* Record extracts:

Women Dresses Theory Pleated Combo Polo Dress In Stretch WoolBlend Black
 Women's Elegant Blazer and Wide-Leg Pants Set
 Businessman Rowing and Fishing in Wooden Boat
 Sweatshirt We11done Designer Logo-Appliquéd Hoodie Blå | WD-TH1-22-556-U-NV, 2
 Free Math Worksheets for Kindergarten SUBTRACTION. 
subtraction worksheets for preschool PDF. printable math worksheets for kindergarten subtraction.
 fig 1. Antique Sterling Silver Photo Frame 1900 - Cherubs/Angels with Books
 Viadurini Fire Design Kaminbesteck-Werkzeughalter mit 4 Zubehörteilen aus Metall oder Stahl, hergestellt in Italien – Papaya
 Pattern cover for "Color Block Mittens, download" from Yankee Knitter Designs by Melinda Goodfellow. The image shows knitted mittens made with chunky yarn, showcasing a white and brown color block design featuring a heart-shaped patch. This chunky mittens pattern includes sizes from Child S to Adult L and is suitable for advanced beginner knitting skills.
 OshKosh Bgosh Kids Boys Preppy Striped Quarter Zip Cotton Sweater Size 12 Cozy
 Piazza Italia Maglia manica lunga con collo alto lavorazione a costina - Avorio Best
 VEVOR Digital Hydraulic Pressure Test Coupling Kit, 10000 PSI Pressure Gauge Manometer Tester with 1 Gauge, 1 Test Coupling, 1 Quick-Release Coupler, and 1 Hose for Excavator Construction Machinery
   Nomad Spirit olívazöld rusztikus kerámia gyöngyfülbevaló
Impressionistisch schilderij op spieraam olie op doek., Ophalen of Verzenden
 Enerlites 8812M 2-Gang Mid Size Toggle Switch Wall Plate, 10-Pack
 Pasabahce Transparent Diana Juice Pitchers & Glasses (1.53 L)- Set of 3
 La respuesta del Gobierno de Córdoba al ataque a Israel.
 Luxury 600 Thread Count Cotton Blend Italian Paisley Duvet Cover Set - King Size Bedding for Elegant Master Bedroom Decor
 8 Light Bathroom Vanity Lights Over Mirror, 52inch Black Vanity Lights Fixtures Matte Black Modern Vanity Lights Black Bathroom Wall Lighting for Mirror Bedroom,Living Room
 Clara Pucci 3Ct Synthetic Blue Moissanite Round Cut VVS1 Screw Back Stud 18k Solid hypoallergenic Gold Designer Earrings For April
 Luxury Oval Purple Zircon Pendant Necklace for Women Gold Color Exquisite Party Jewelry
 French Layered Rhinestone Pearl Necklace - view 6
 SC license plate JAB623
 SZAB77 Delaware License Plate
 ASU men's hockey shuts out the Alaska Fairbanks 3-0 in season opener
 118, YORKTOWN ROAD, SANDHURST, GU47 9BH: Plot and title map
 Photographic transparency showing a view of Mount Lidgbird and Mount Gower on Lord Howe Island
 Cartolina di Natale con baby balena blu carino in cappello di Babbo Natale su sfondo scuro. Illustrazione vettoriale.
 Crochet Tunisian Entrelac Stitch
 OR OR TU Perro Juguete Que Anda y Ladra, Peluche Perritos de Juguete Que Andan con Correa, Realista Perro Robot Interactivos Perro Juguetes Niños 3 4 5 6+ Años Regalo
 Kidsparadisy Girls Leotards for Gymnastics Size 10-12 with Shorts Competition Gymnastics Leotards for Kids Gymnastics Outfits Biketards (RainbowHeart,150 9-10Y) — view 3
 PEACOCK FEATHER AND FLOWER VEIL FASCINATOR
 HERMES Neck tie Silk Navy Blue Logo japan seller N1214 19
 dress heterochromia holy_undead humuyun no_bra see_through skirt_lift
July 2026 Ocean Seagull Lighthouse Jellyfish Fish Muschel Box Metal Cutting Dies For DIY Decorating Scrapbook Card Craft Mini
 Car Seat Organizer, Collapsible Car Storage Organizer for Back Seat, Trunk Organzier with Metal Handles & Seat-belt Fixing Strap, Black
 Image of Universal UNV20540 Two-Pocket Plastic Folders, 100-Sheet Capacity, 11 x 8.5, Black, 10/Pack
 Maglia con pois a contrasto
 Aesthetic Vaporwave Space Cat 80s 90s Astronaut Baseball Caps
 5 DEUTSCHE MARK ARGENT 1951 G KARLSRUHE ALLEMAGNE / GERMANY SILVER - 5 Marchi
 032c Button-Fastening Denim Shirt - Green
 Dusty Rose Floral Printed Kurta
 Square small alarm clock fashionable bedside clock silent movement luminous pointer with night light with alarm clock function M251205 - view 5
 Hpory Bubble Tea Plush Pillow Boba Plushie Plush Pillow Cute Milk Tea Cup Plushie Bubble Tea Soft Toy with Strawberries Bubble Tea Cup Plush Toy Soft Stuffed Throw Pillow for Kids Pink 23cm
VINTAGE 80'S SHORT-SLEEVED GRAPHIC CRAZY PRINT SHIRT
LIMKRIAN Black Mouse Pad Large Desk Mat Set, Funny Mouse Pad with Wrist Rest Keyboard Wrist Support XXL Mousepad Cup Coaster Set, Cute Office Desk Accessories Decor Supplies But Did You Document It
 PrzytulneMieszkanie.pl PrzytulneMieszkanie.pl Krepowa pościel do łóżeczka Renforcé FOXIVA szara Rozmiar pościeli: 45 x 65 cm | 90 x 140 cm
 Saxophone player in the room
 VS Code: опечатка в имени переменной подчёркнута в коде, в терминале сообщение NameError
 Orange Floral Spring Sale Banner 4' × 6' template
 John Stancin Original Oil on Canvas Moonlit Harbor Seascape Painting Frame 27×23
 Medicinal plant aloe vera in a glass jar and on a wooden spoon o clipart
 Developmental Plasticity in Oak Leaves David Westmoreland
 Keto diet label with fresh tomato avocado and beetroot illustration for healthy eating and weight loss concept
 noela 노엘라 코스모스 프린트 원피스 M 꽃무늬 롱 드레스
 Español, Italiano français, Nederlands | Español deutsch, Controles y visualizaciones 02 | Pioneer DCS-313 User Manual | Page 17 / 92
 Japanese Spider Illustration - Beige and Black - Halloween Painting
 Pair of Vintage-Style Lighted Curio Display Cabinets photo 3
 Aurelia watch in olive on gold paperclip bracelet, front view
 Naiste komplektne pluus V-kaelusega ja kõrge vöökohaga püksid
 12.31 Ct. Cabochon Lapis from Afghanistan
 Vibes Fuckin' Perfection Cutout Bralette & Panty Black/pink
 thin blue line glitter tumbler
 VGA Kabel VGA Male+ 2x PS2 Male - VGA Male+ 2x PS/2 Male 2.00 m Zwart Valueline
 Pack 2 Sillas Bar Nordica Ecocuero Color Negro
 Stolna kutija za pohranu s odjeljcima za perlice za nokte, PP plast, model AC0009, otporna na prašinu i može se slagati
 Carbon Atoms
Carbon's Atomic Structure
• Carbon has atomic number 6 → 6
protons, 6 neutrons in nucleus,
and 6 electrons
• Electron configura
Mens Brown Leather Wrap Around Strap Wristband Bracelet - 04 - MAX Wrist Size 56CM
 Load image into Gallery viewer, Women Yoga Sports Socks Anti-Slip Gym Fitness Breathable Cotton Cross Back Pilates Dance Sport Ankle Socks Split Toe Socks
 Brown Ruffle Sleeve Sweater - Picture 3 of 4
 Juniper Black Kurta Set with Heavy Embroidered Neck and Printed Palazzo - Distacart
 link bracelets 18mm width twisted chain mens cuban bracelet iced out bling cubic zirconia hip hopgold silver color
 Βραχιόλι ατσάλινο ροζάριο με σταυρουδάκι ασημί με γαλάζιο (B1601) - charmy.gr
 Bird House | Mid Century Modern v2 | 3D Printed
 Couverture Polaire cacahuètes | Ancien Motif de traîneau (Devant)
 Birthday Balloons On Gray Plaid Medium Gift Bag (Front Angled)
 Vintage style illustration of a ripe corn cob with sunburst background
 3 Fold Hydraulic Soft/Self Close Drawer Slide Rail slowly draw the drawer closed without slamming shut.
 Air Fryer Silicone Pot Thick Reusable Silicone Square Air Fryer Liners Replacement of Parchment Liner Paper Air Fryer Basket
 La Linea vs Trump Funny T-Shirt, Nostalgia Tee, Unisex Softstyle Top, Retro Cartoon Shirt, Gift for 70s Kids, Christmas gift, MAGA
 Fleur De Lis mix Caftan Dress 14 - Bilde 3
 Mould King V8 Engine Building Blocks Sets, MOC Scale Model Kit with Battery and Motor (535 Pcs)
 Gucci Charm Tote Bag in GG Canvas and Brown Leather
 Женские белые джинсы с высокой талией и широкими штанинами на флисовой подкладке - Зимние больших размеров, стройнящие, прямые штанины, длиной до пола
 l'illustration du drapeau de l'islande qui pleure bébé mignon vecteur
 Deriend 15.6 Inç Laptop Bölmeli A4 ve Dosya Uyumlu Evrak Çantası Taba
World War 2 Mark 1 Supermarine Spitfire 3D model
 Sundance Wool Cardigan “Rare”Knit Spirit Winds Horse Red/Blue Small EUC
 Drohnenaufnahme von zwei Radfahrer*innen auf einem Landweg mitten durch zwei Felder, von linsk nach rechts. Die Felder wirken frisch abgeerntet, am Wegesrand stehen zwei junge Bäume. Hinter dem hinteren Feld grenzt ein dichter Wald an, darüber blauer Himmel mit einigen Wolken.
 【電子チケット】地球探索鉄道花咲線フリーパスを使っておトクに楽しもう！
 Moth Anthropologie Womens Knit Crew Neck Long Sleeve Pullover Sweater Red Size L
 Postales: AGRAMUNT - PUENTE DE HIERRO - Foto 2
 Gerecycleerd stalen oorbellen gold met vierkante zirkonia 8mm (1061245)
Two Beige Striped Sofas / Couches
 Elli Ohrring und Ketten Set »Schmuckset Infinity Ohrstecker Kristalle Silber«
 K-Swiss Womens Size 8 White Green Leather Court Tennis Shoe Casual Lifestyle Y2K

* Exercise directions: Only the lines above from the line containing "July 2026 Ocean" through the line containing "Car Seat Organizer, Collapsible" should be retyped, exactly and with both ends included.

* Finished task:
July 2026 Ocean Seagull Lighthouse Jellyfish Fish Muschel Box Metal Cutting Dies For DIY Decorating Scrapbook Card Craft Mini
 Car Seat Organizer, Collapsible Car Storage Organizer for Back Seat, Trunk Organzier with Metal Handles & Seat-belt Fixing Strap, Black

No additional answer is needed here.